For a moment there was pandemonium on the ship. No one seemed to know exactly what had happened, and shouts and cries rent the air as people blocked the stairs and companionways in a mad scramble for the deck.

Helen and Ruth were among the first to reach the deck, with Chess and Tom close behind them. There they were jostled by a seething mass of humanity and swept on toward the railing.

At the cry of “Man overboard” power had been shut off in the engine room. Fortunately the ship had been proceeding cautiously because of the storm, so that momentum carried it only a short distance from the scene of the accident.

Several lifeboats were lowered and rushed to the spot where life savers had already been thrown to the victim.

A small object was seen bobbing up and down on the water for several seconds and then disappeared.

“Oh, he will drown before they reach him!” cried Helen, putting a hand over her eyes.

“No,” cried Ruth, gripping the rail till the knuckles of both hands showed white, “there he is again! See? One of the life preservers has reached him. He can hold on now.”

“The boats are making good time,” said Tom, behind her. “He’s as good as rescued now.”

“Wonder who it is,” said Chess, and an obliging pleasant-faced man behind him volunteered the information:

“Old chap named Knowles. He was standing near the rail when we grazed the shoal——”

“Oh, so that’s what we heard below decks!” cried Helen.

“Yes’m,” said the stranger. “There was a grinding shock, if you remember, and this old boy was jarred loose from his hold on the rail and went overboard.”

The passengers watched with interest while the first lifeboat reached the elderly victim and lifted him aboard. The men in the other boats, seeing that the work of rescue had already been accomplished, turned back toward the steamer.

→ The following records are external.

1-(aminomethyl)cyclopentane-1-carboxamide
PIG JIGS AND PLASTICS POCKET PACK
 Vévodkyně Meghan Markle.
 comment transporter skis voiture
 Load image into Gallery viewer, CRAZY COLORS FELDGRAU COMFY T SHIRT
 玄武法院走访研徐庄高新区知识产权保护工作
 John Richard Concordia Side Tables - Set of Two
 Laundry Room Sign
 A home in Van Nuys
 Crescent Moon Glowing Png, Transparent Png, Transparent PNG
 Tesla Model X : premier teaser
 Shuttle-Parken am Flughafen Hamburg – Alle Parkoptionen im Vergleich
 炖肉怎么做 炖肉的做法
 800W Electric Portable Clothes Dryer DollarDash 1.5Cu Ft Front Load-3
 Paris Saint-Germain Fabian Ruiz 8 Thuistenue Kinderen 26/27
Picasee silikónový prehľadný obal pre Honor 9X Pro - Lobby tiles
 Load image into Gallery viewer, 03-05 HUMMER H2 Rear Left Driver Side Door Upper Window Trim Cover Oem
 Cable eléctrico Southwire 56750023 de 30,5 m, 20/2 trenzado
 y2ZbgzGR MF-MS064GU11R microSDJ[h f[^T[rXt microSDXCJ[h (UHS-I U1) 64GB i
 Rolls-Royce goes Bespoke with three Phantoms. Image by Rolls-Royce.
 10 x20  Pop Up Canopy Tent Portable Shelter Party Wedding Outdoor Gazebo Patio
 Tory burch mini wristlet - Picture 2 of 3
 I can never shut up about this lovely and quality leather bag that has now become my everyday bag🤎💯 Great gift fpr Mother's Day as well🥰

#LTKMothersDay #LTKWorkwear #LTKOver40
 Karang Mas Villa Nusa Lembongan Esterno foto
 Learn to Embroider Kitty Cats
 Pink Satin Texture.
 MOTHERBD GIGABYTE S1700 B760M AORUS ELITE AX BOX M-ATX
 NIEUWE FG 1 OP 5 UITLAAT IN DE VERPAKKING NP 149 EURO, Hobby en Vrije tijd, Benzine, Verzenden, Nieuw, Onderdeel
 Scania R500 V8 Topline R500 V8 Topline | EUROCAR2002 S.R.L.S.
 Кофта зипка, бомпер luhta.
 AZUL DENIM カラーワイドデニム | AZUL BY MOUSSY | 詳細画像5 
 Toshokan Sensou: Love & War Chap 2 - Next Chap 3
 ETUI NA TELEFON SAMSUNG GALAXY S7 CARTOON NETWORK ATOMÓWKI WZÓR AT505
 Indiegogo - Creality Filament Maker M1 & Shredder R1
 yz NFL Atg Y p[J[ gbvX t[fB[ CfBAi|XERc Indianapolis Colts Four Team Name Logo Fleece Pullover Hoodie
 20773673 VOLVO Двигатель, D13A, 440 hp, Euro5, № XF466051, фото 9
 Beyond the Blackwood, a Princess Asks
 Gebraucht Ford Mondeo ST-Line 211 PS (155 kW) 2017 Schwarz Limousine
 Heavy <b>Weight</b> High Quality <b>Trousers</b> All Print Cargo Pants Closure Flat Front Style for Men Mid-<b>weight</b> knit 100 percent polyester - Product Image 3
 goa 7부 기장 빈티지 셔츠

“Poor old fellow,” said Ruth commiseratingly. “The shock and the exposure are enough to kill an elderly man. I wonder,” she added thoughtfully, “if I couldn’t get him to take some of thetonic I have in my medicine kit. It might ward off a serious illness.”

Tom grinned.

“There’s the Red Cross nurse on the job again,” he said.

But Ruth did not smile with the others. She meant what she said, and when the lifeboat reached the ship and the victim was lifted to the deck, Ruth was one of the first at his side.

The ship’s doctor was already at the spot, well-supplied with restoratives, and when Ruth begged him to let her help, saying that she had had experience in nursing with the Red Cross, the physician smiled indulgently and invited her to the old gentleman’s cabin below.

Ruth ran for her favorite prescription, ignoring the good-natured rallying of her friends, and entered the old gentleman’s cabin just as they had made him comfortable in his berth.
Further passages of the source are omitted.